- RECORDS SUPPLIED -
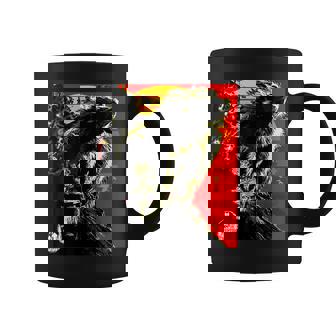 Vibrante Diablo Mono Retro Bigfoot Atardecer Monstruo Cryptid Taza de café - Regaloses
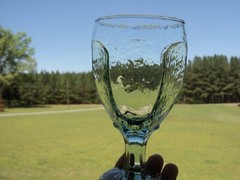 4 Libbey Chivalry Goblet Water Iced Tea Green Paneled Glass 6 1/2″ Textured. EUC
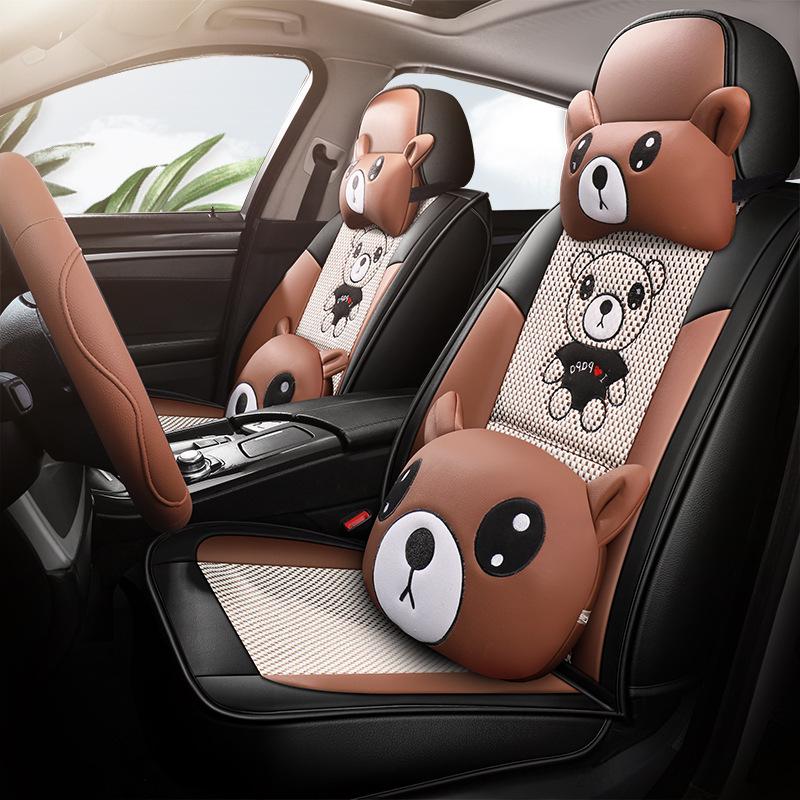 AION S Max 580 Geely L Thunder Hi Leather & Ice Silk Cartoon Car Seat Cushion - Universal, All-Season.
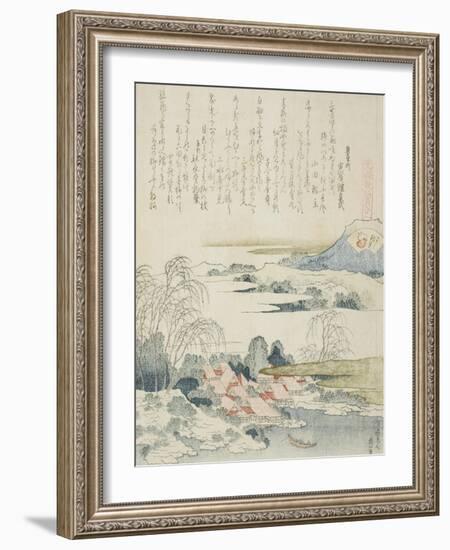 Village on the Yoshino River, Illustration for the Brocade Shell (Nishiki-Gai), 1821-Katsushika Hokusai-Framed Giclee Print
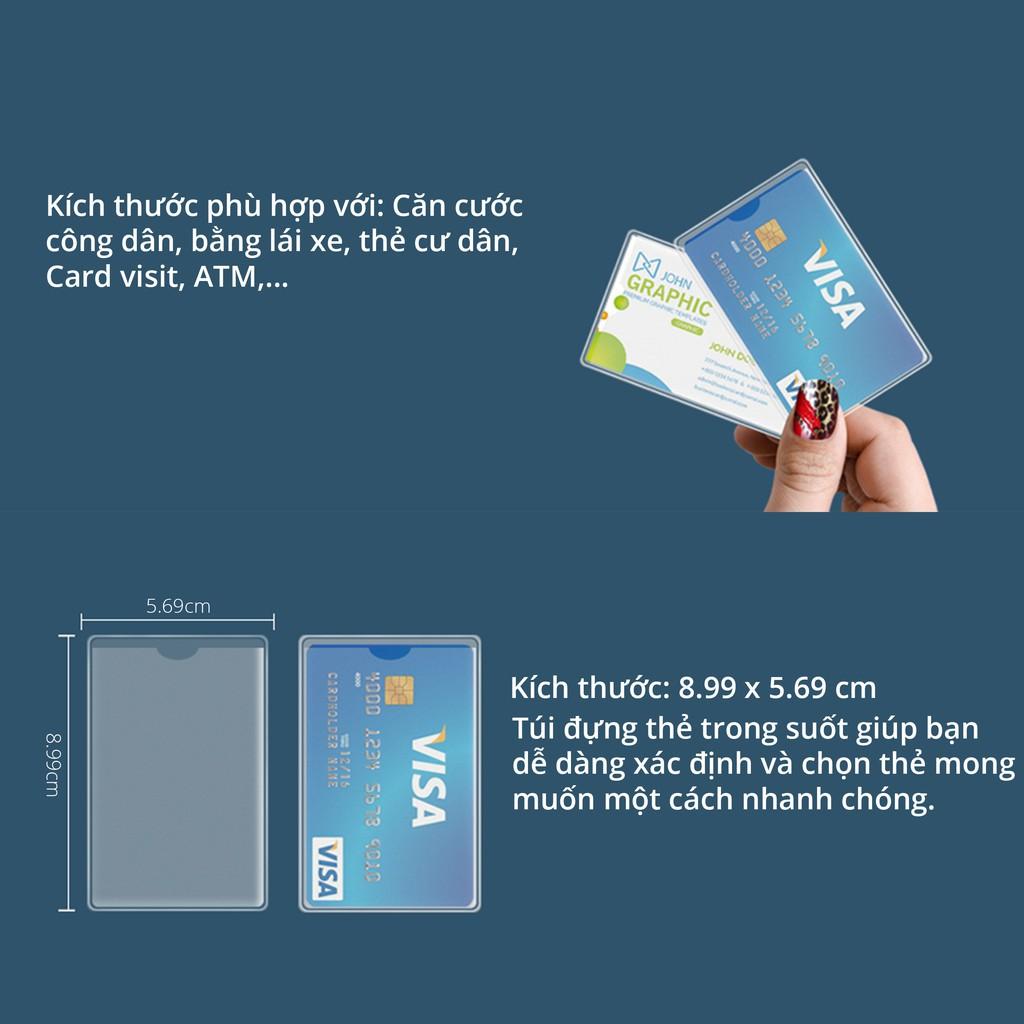 Combo 10 Túi Vỏ Bao Nhựa PVC Đựng Bọc Thẻ  ATM Căn Cước Công Dân, Bằng Lái Xe, Thẻ Ngân Hàng, Thẻ Sinh Viên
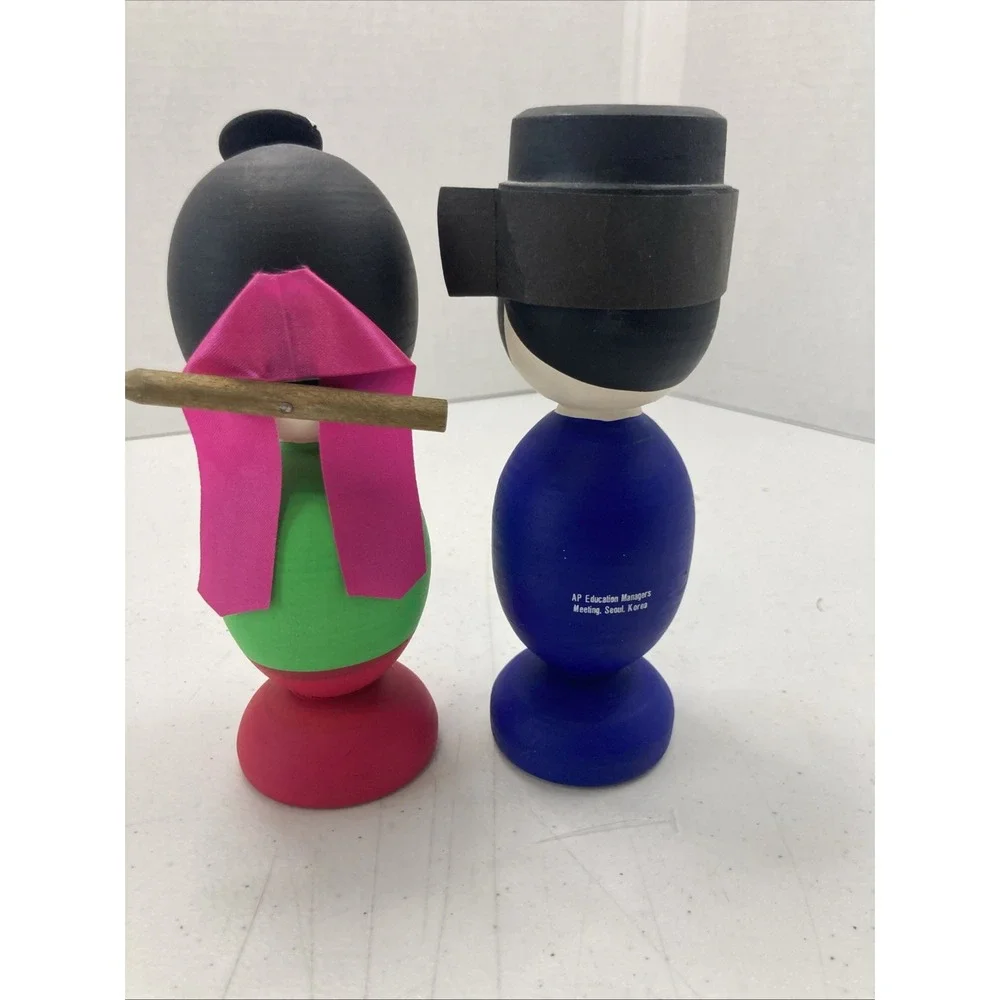 Korean Wooden Kokeshi Dolls Asian Souvenir Folk Wedding‎ 7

- TASK STATEMENT -
Transcribe every entry word for word, excluding images.

- COMPLETED TASK -
 Vibrante Diablo Mono Retro Bigfoot Atardecer Monstruo Cryptid Taza de café - Regaloses
 4 Libbey Chivalry Goblet Water Iced Tea Green Paneled Glass 6 1/2″ Textured. EUC
 AION S Max 580 Geely L Thunder Hi Leather & Ice Silk Cartoon Car Seat Cushion - Universal, All-Season.
 Village on the Yoshino River, Illustration for the Brocade Shell (Nishiki-Gai), 1821-Katsushika Hokusai-Framed Giclee Print
 Combo 10 Túi Vỏ Bao Nhựa PVC Đựng Bọc Thẻ  ATM Căn Cước Công Dân, Bằng Lái Xe, Thẻ Ngân Hàng, Thẻ Sinh Viên
 Korean Wooden Kokeshi Dolls Asian Souvenir Folk Wedding‎ 7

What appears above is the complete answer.